Required action:
Note the line containing "Image 1 : Canadian Large Cent 1905 UNC RED"; from it through the last line below, give only those lines again, exactly, both ends included, skipping pictures.

════

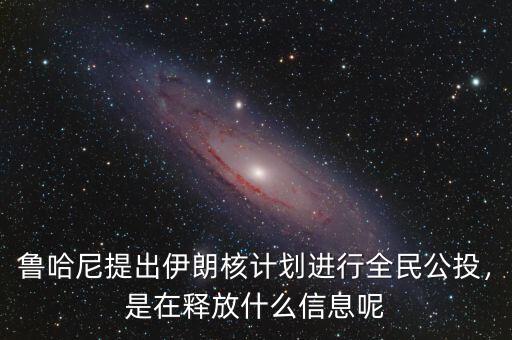 魯哈尼提出伊朗核計劃進行全民公投，是在釋放什么信息呢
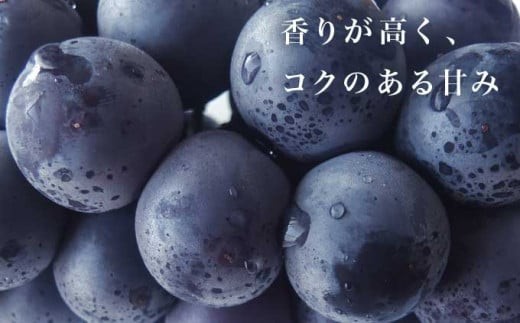 「ぶどうの王様」と呼ばれ、ぶどうの中でも一番人気を誇る巨峰 香りが高く、コクのある甘みをお楽しみ下さい。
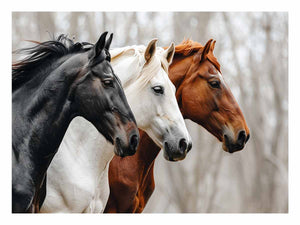 Three Horses in Motion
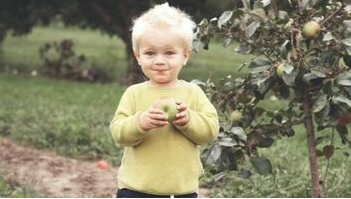 Niño en Charlesbourg comiendo una manzana de un manzano plantado por el Emondage Charlesbourg.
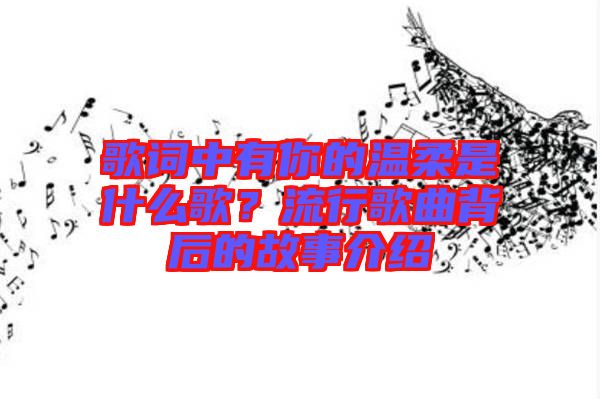 歌詞中有你的溫柔是什么歌？流行歌曲背后的故事介紹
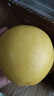 牛愛(ài)鮮 柚子黃金葡萄柚子新鮮水果生鮮水果 4.5斤裝3-5個(gè)果子單果300g+ 曬單實(shí)拍圖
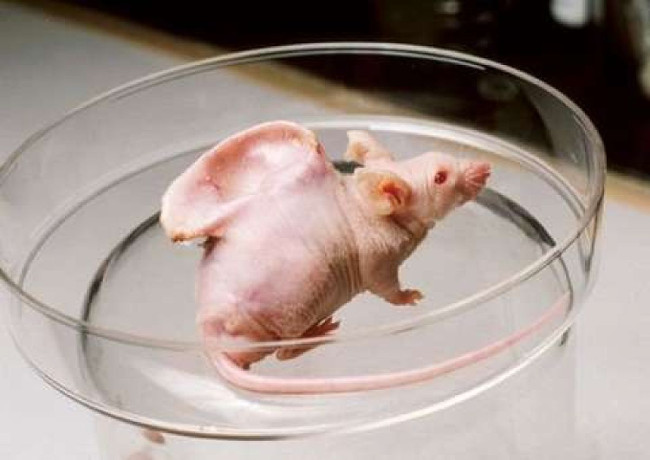 Picture 5 of The most macabre experiments in the history of world science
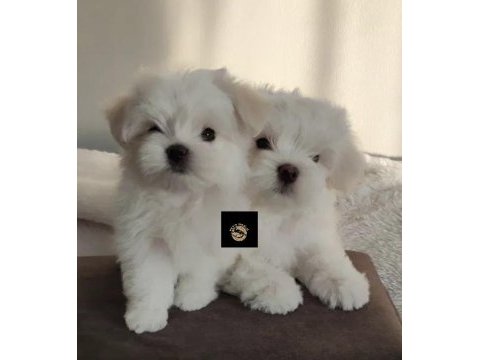 Pets world güvencesi ile maltese yavrularımız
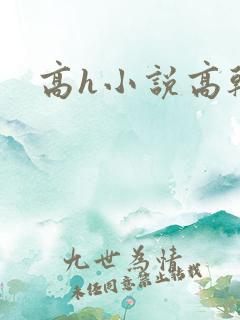 高h小说高干文
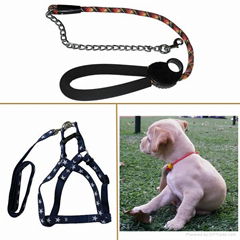 pet leash 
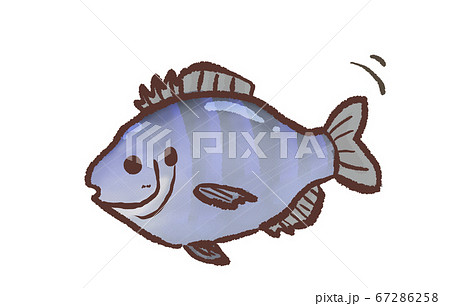 R:メルヘンな水族館 外来種 ブルーギル1 R:メルヘンな水族館 外来種 ブルーギル1 67286258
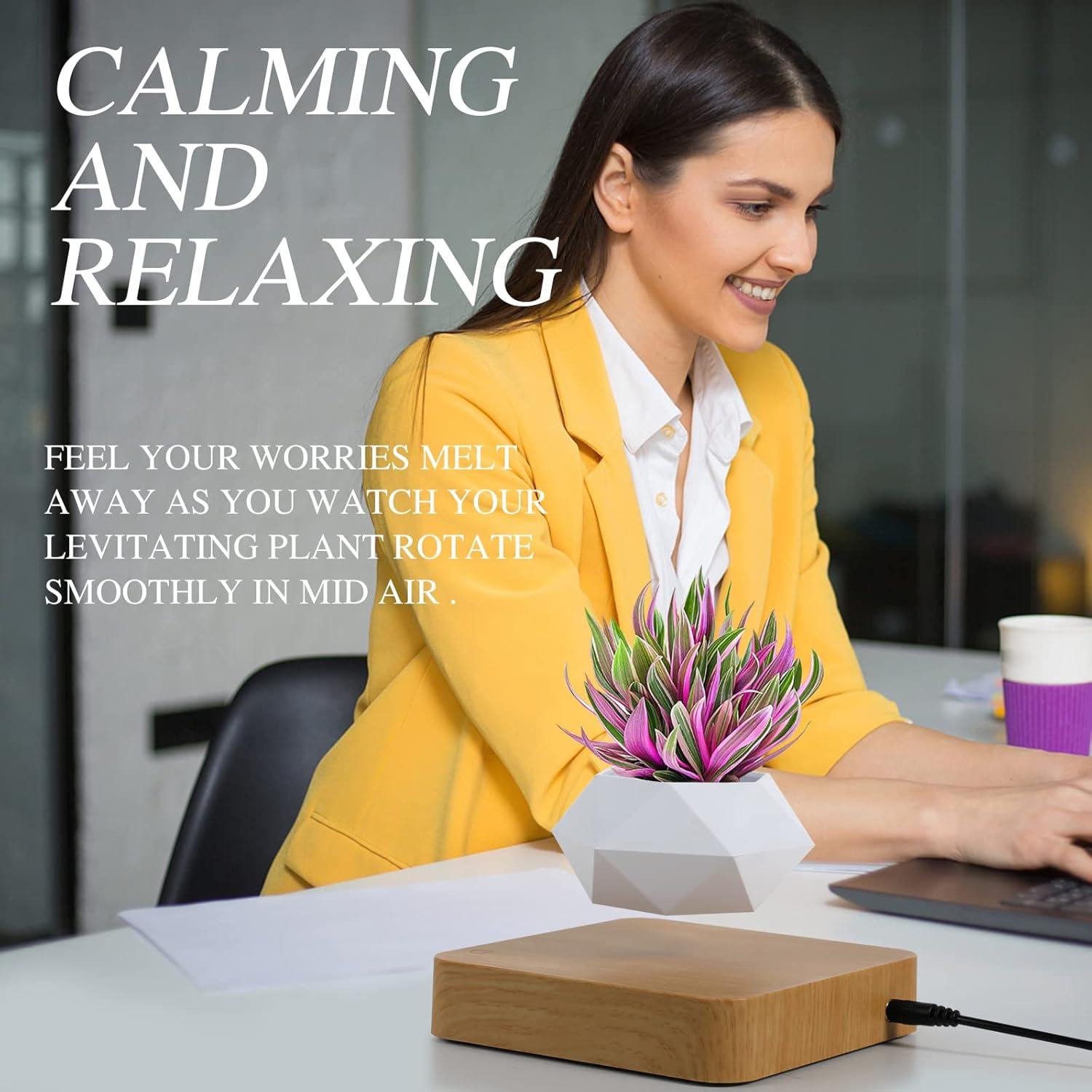 Maceta Bonsai Flotante Babook Cuadrada 9cm Color Claro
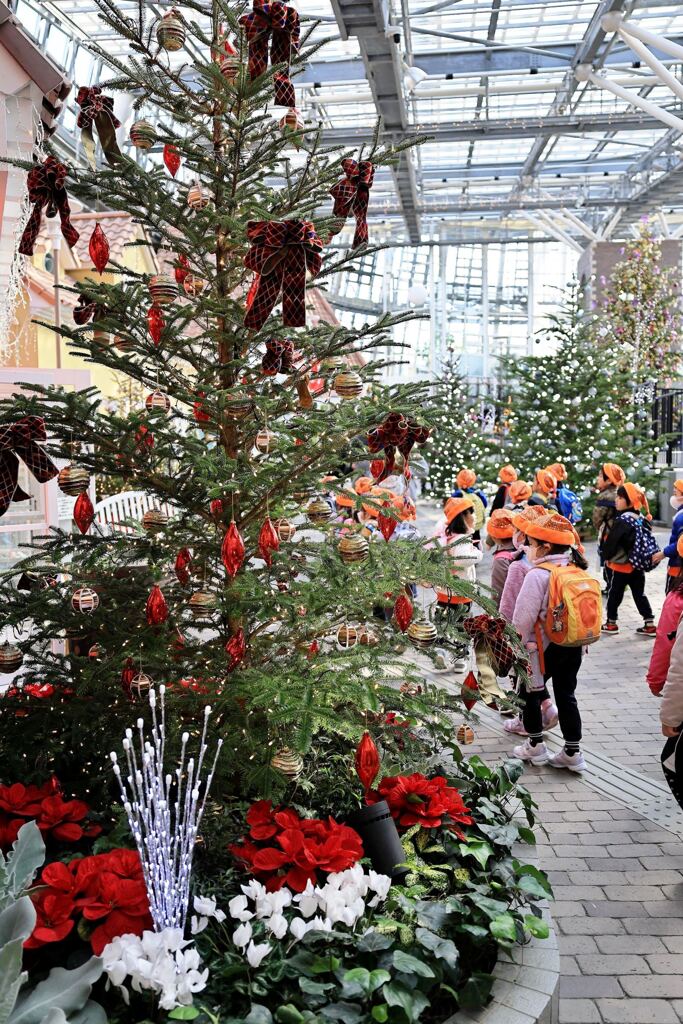 クリスマスムード満点のデンパーク＃４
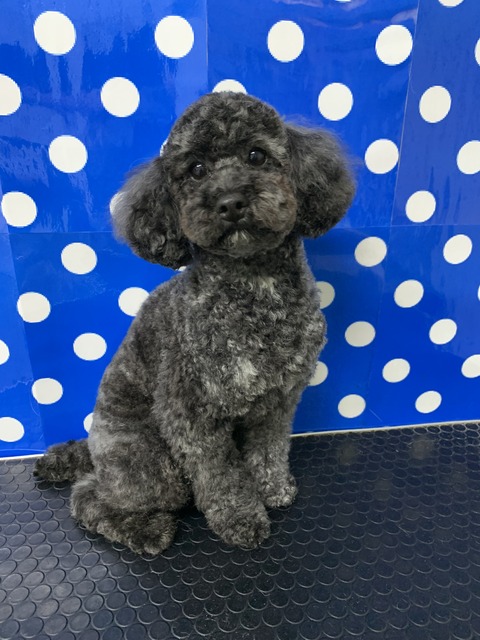 ru-ku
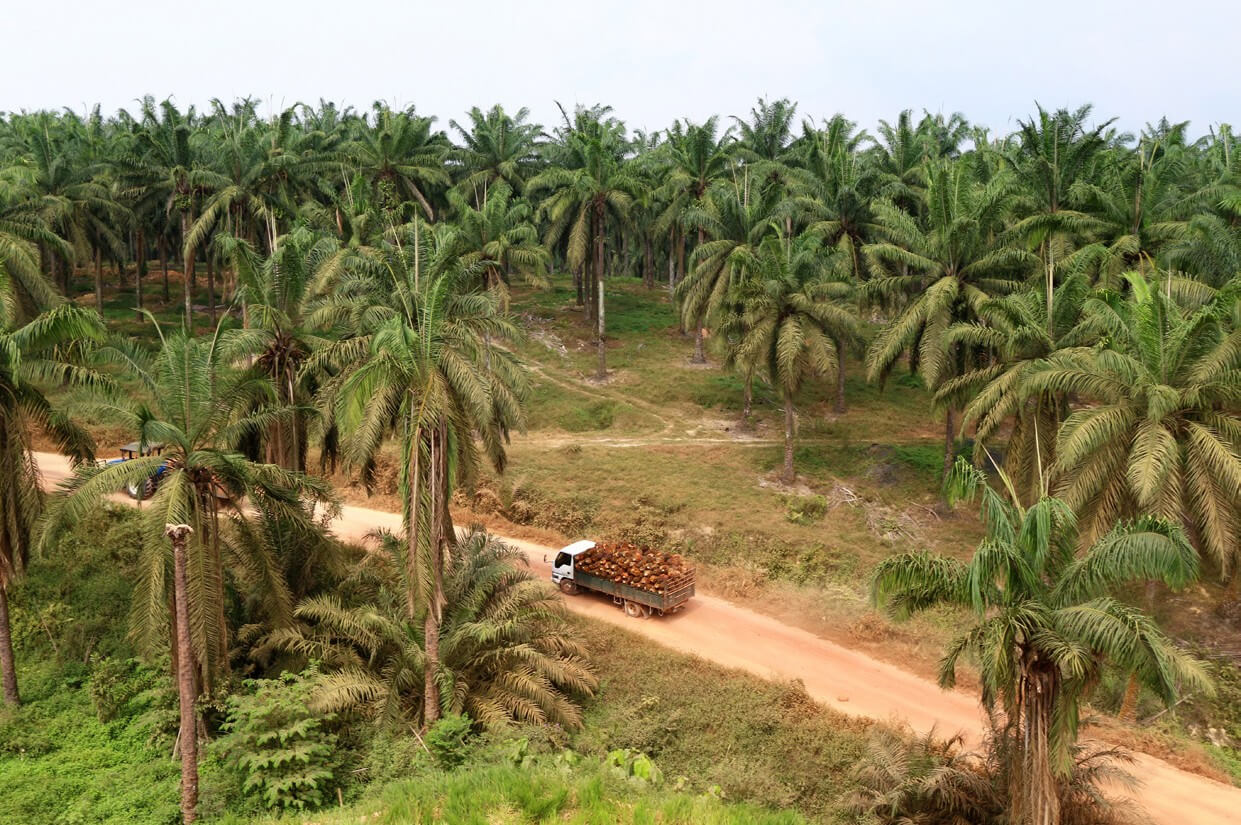 Truck transporting palm oil fruits in palm oil plantation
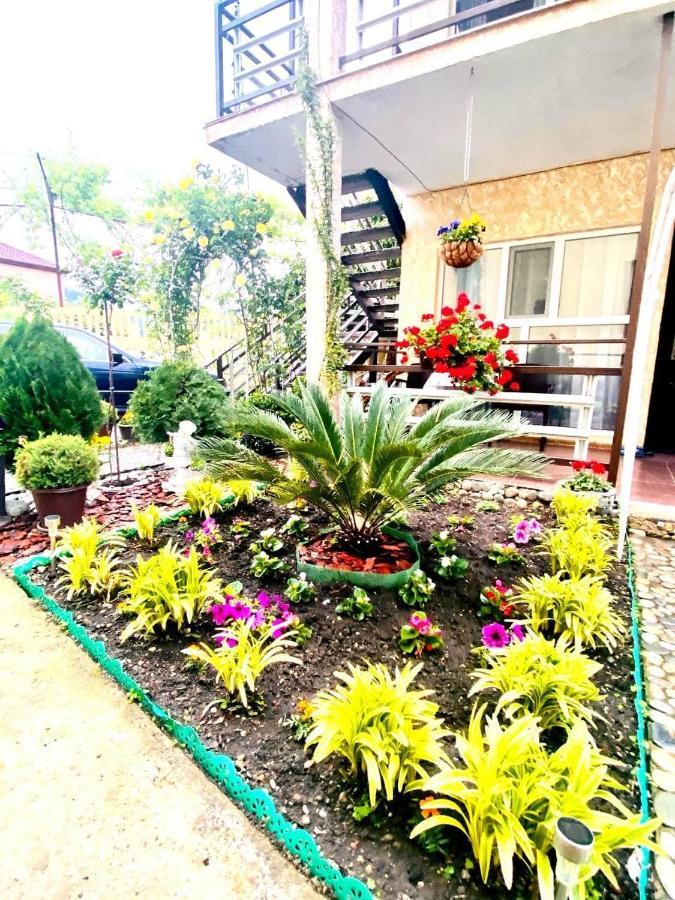 Мини-Отель Дарья В Пицунде Pizunda Exterior foto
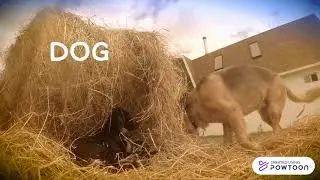 UNIT 5 ANIMALS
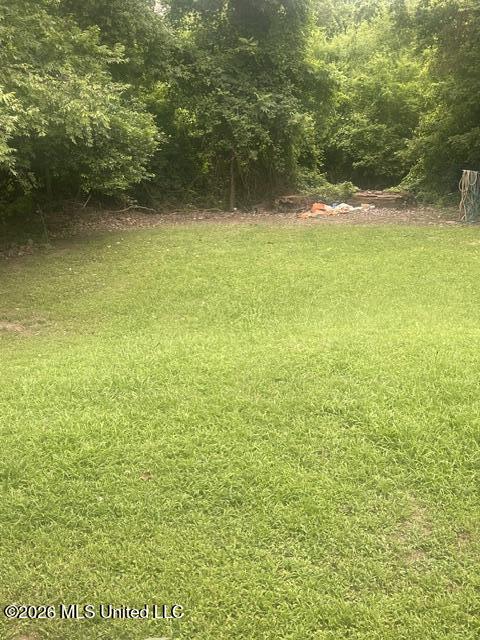 1418 Ray Street Property Photo 13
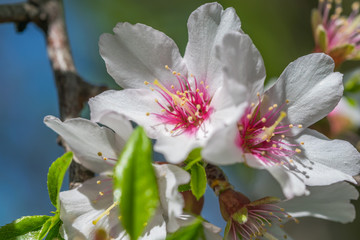 Almond Tree Blossoms in Spring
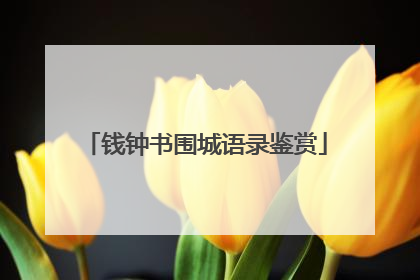 钱钟书围城语录鉴赏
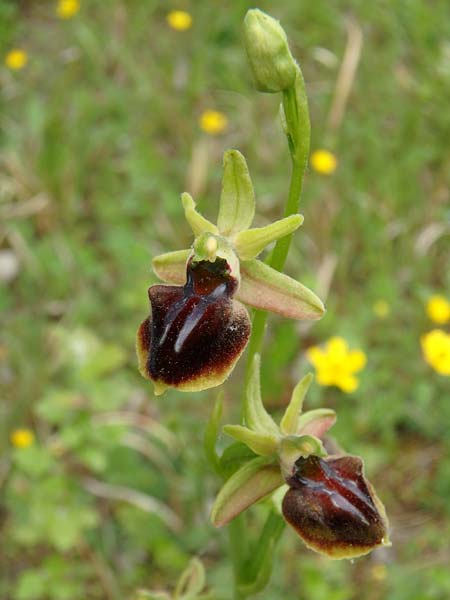 Ophrys caucasica \ Kaukasus-Ragwurz / Caucasian Bee Orchid, Aserbaidschan/Azerbaijan,  Ashagi - Imamgulukend 4.5.2019 (Photo: Luc Segers)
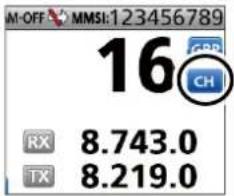 ICOM GM800 - Exemple - 2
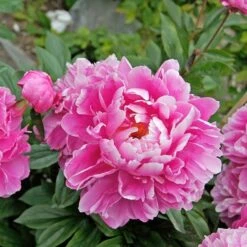Peony 'Doctor Alexander Fleming' -Garden Bloomy Shop x600 22801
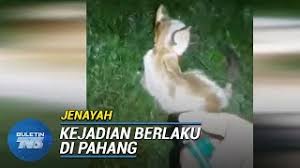 You need a premium account to download new files immediatly without waiting. Isteri Untuk Diiktiraf Episod 19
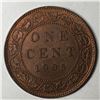 Image 1 : Canadian Large Cent 1905 UNC RED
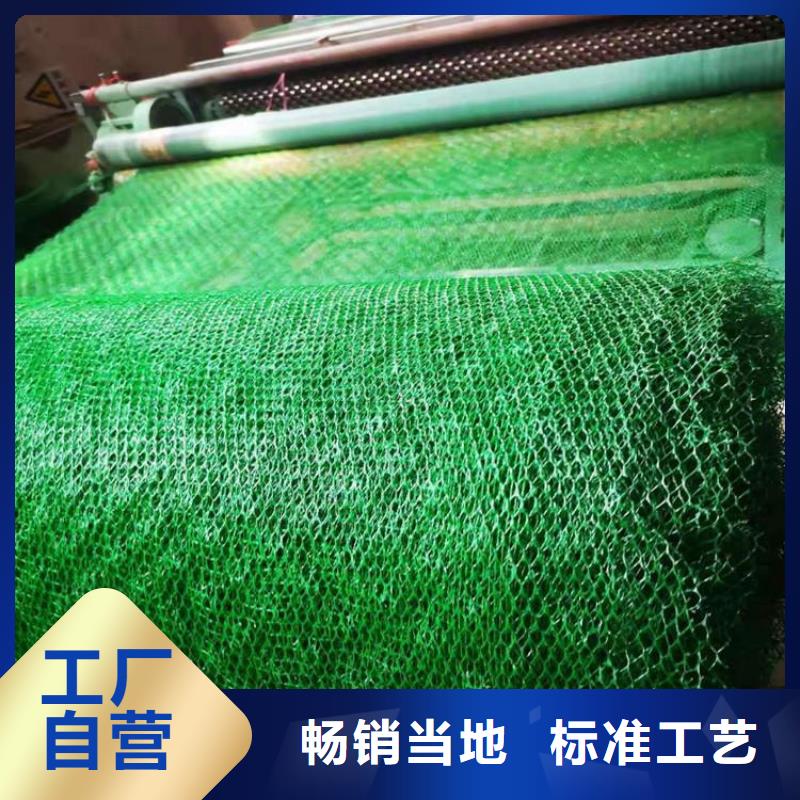 【三维植被网】玻璃纤维土工格栅实力商家供货稳定免费回电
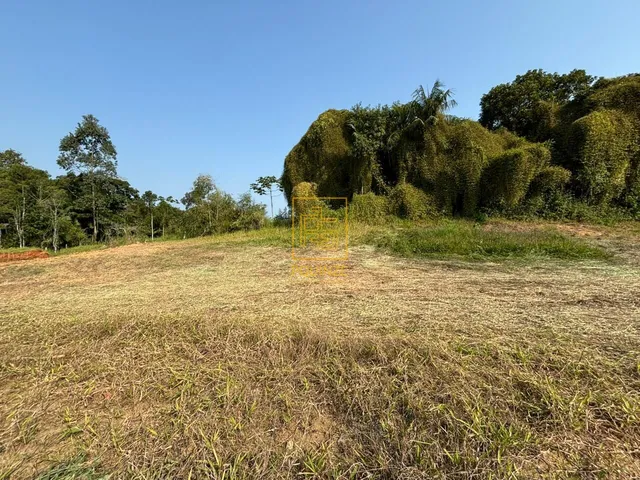 Imagem 2: Terreno plano e bem localizado no bairro Quintino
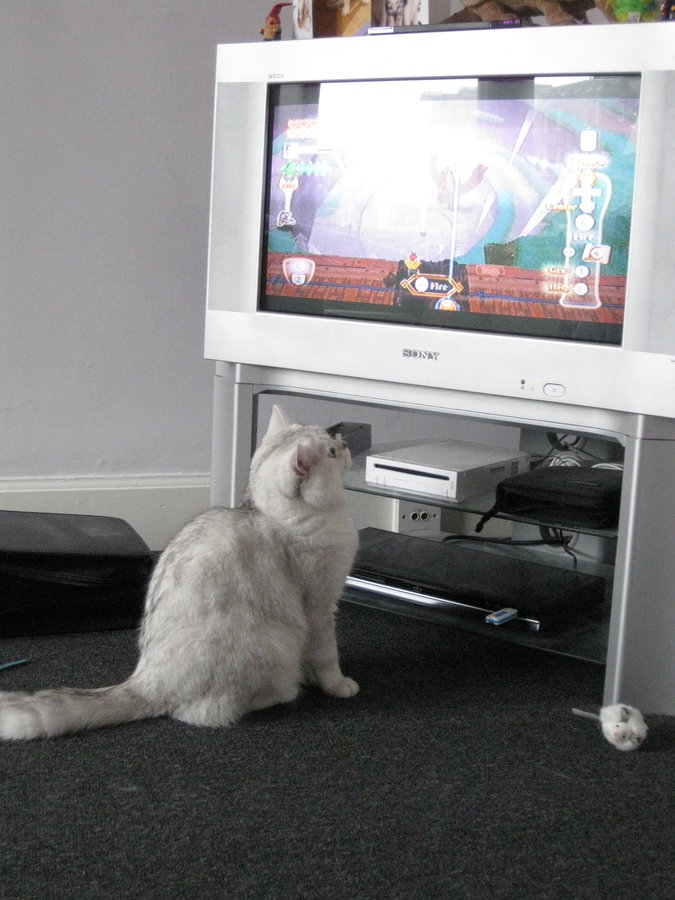 Cats Watching TV TheCatSite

════

Solved exercise:
 Image 1 : Canadian Large Cent 1905 UNC RED
 【三维植被网】玻璃纤维土工格栅实力商家供货稳定免费回电
 Imagem 2: Terreno plano e bem localizado no bairro Quintino
 Cats Watching TV TheCatSite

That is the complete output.